▶ **WHAT THE EXERCISE ASKS**: In the entries that follow, locate the line with "Andrian Salis with", then restate that line and all later lines exactly as they appear, leaving pictures out.

+++ RECORDS FOR THE EXERCISE +++

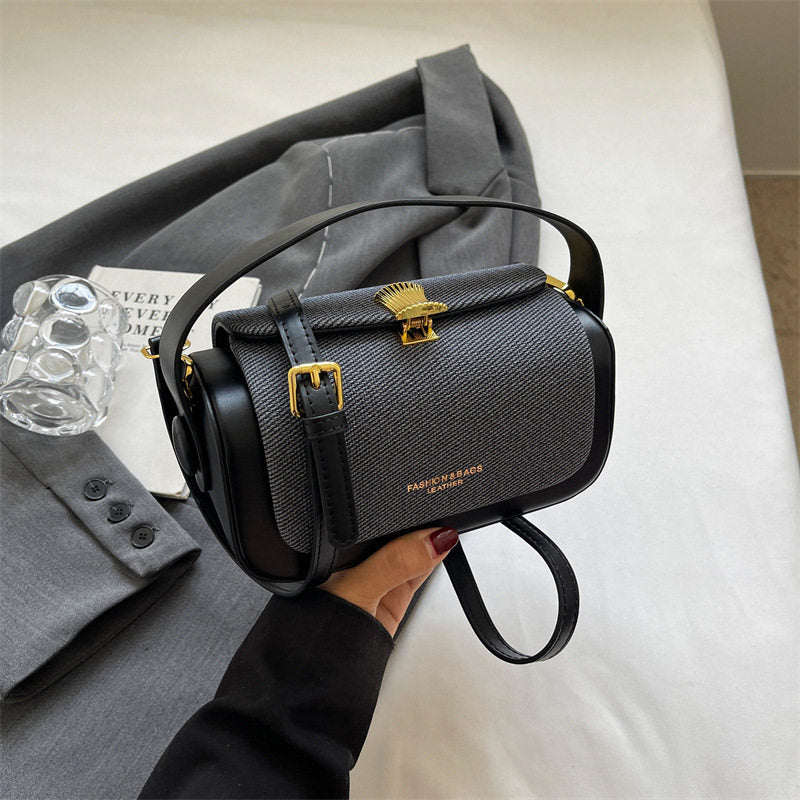 Black handbag with gold accents held by a person, with a gray coat and white surface in the background.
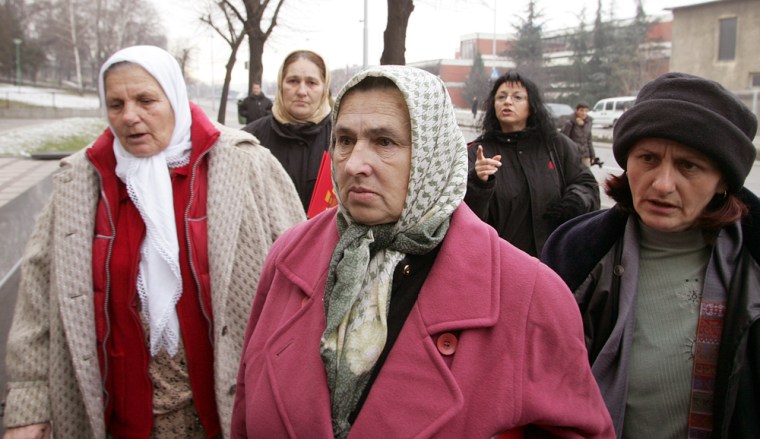 Family members of Bosnian muslim men and boys whose execution was captured on videotape arrive Tuesday at the Special Court building in Belgrade, Serbia and Montenegro. The landmark trial of five Serb militiamen charged with the videotaped execution of six Bosnian Muslim civilians in 1995 opened in Belgrade Tuesday. 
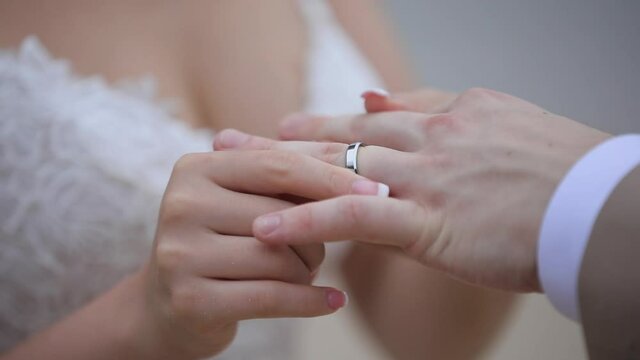 couple exchanging wedding rings on their wedding day
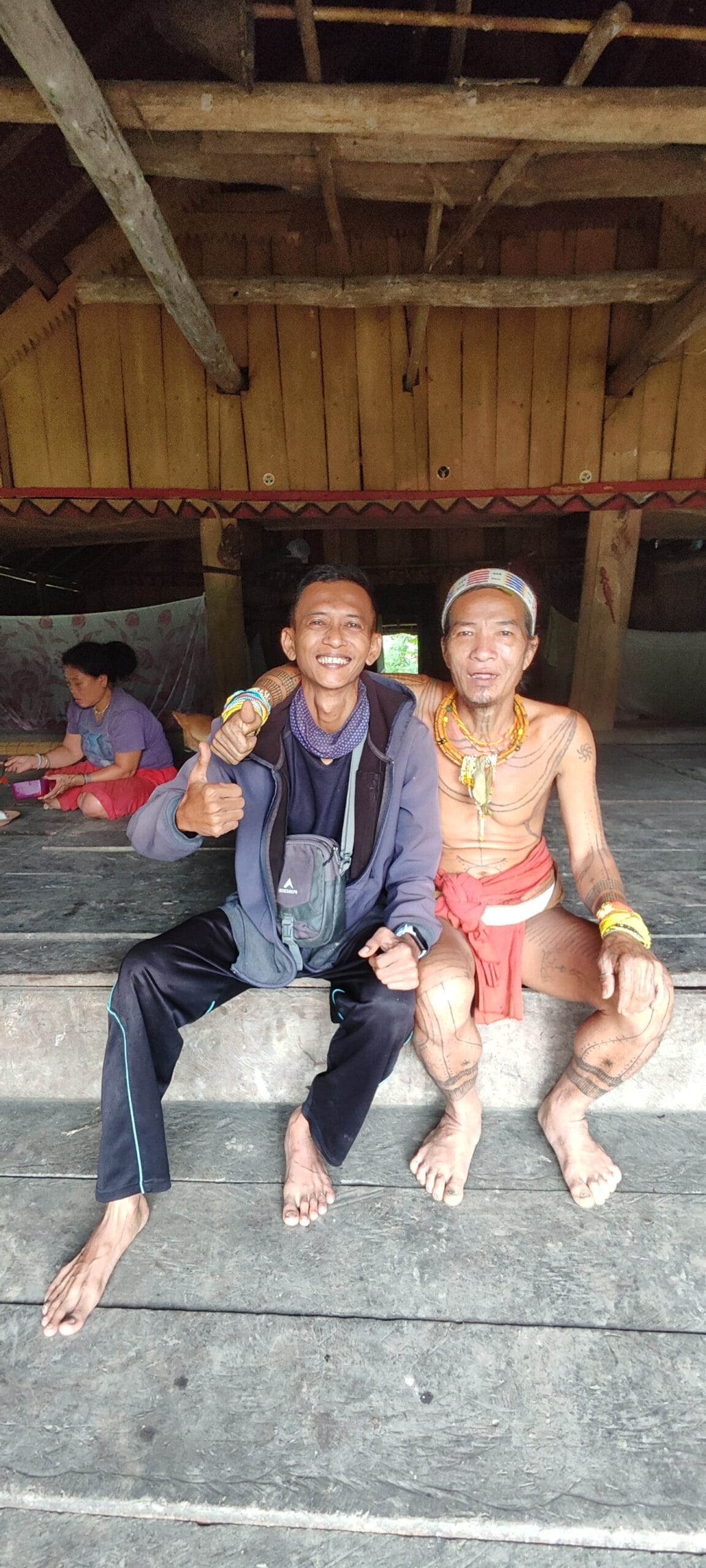 Andrian Salis with Mentawai Sikerei shaman on Uma porch, Siberut Island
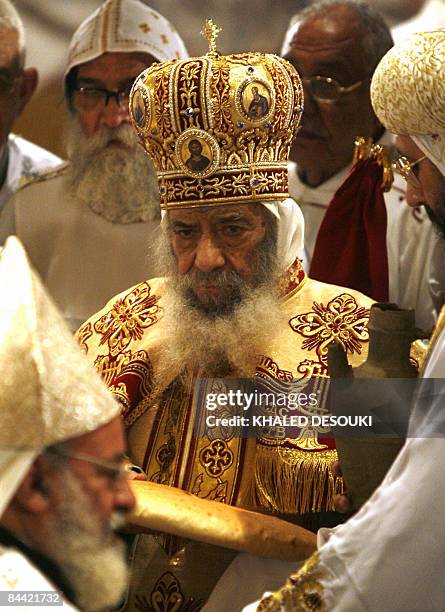 Pope Shenuda III, Head of the Egyptian Coptic Orthodox Church, leads the Coptic Christmas midnight mass in Cairo late on January 6,2009. Pope...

+++

▶ **RESPONSE AREA**:
 Andrian Salis with Mentawai Sikerei shaman on Uma porch, Siberut Island
 Pope Shenuda III, Head of the Egyptian Coptic Orthodox Church, leads the Coptic Christmas midnight mass in Cairo late on January 6,2009. Pope...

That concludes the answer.